Repeat these steps for all microservices. In addition to your mongo URL, most will need the public IP address of your Kubernetes cluster, You can find that under the overview of your cluster on IBM Cloud.

8. Configure kubectl

Run the following command:

$ bx cs cluster-config <YOUR_CLUSTER_NAME> Then copy the output and paste it in your terminal

9. Initialize helm

$ helm init

10. Deploy

Finally, navigate to each microservice folder, and run the following command

$ bx dev deploy

Once done, you’ll be able to access the portal on port 30200 of your cluster’s public IP address, which you can find under the overview of your cluster on IBM Cloud.

Deploy to IBM Cloud Private

If you have an instance of IBM Cloud Private running, you can follow the steps below to deploy the app. If you’d like to deploy your own instance of ICP, you can follow this great writeup.

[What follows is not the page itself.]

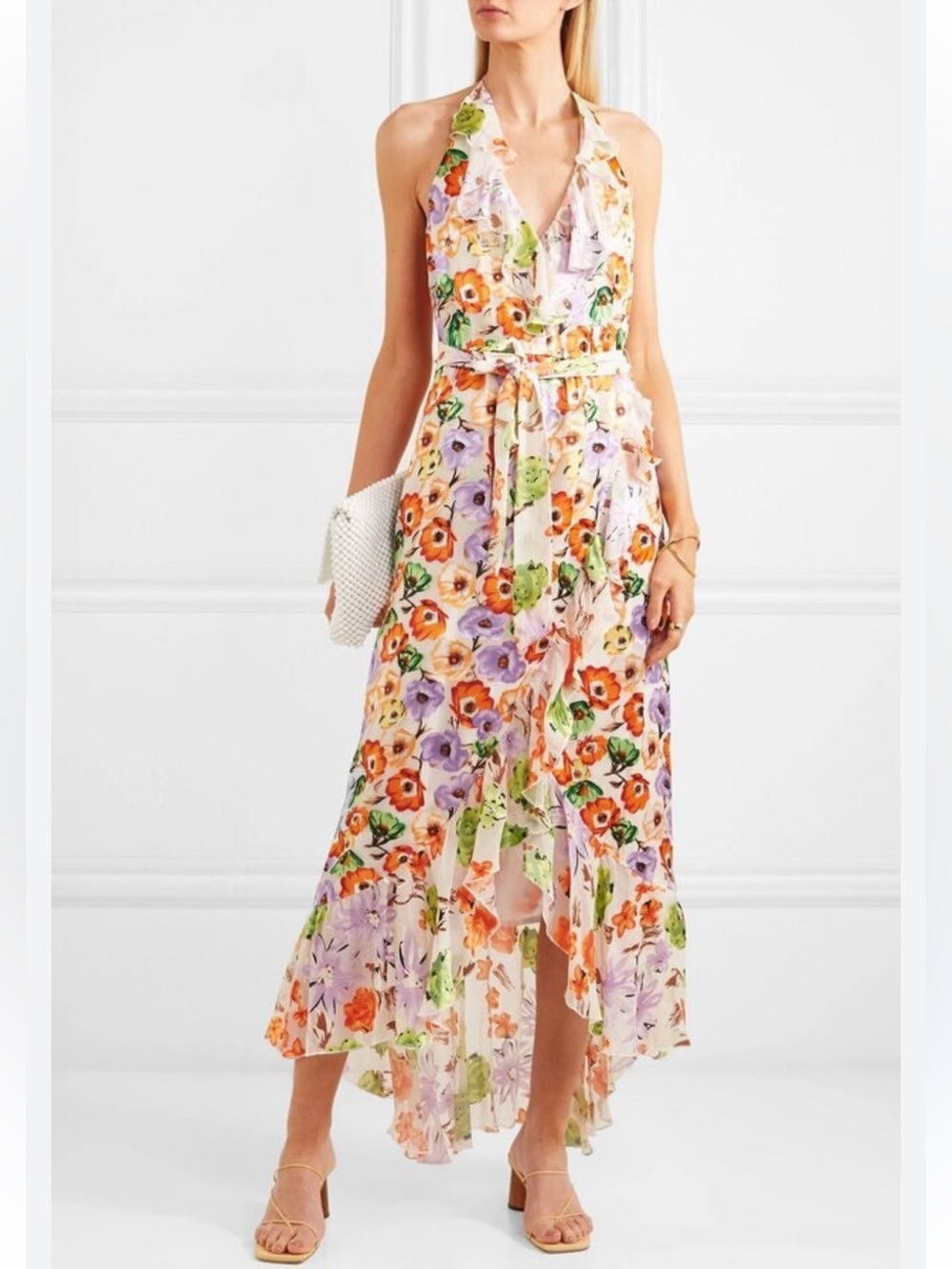 Alice & Olivia Evelin Asymmetrical Floral Maxi Dress NWT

  1. Create a persistent volume
  2. Create a persistent volume claim
  3. Create an instance of MongoDB
  4. Configure your environment variables
  5. Add your ICP’s address to your hosts file
  6. Login to docker
  7. Configure kubectl
  8. Deploy

1. Create a persistent volume

This demo heavily depends on mongo as a session & data store. From ICP’s menu, click on Storage > Create persistent volume. Give it a name and a capacity, choose storage type Hostpath, and add a path parameter

Create Persistent Volume

2. Create a persistent volume claim

From ICP’s menu, click on storage > create persistent volume claim. Give it a name and a storage request value

Create Persistent Volume Claim

3. Create an instance of MongoDB

From the catalog, choose MongoDb. Give it a name, specify the existing volume claim name, and give it a password

Create Instance of MongoDB
Create Instance of MongoDB 2

Get your mongo connection string; Almost all your microservices need it; keep it safe!

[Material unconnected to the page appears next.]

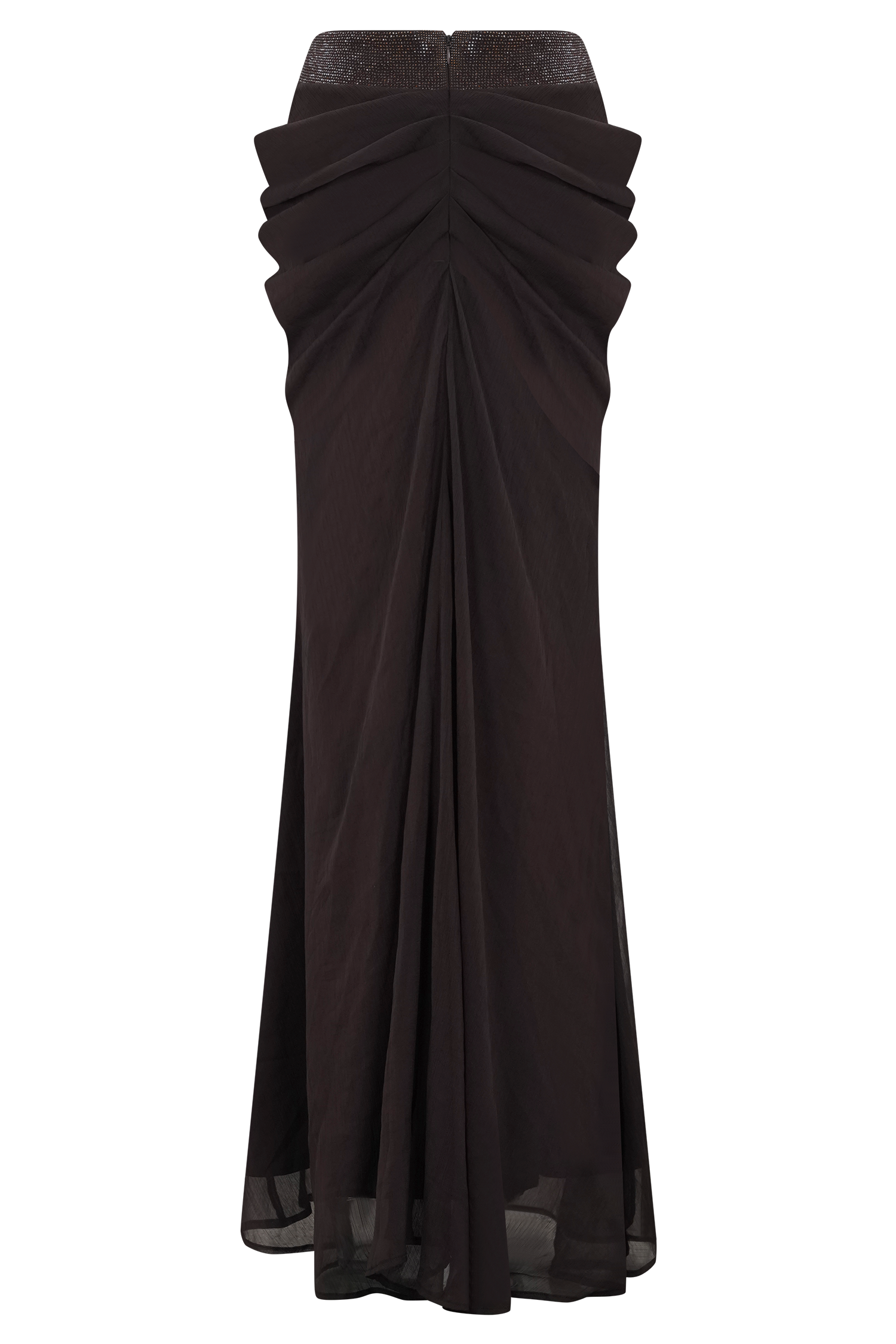 Siren Satin And Diamante Maxi Skirt - Dark Chocolate #3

Your connection string will be in the following format:

mongodb://<USERNAME>:<PASSWORD>@<HOST>:<PORT>/<DATABASE_NAME>

4. Configure your environment variables

Each of the 7 microservices must have a .env file.

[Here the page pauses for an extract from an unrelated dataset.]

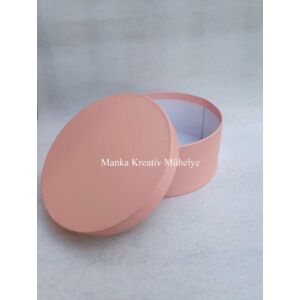 Papír doboz kerek, tetővel - világos rózsaszín 16 cm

An example is already provided within each folder. From the directory of each microservice, copy the example file, rename it to .env, and fill it with the appropriate values.

For example, from within the /innovate folder, navigate into the accounts folder

$ cd accounts

Next, copy and rename the .env.example folder

$ cp .env.example .env

Finally, edit your .env folder and add your Mongodb connection string

Repeat those steps for all microservices. In addition to your mongo url, you may the IP address of your ICP.

5. Add your ICP’s address to your hosts file

Add an entry to your /etc/hosts file as follows

<YOUR_ICP_IP_ADDRESS> mycluster.icp

6. Login to docker

$ docker login mycluster.icp:8500

7. Configure kubectl

From your ICP’s dashboard, copy the kubectl commands under admin > configure client

Configure kubectl

8. Deploy

Finally, navigate to each microservice, and run the following command

$ bx dev deploy

If you don’t have the IBM Cloud Developer Tools CLI installed, get it here first

Once the deployment is successfully completed, you can access the portal on port 30200 of your ICP’s IP address.

(Optional) Adding Support with Watson Assistant

The support microservice connects to an instance of Watson Assistant on IBM Cloud to simulate a chat with a virtual support agent.

NOTE: This is an optional step. You need it if you’d like to enable the support feature on the app.

  1. Create an instance of Watson Assistant
  2. Get your credentials
  3. Configure your environment variables
  4. Deploy

1. Create an instance of Watson Assistant

From the IBM Cloud Catalog, choose Watson Conversation, and click create.

2. Get your credentials

Navigate to the credentials tab and copy your username and password

Get IBM Credentials

3. Configure your environment variables

From within the support folder, edit your .env to include your newly acquired credentials

4. Deploy

Redeploy the support microservice, the support feature should now be accessible through the portal.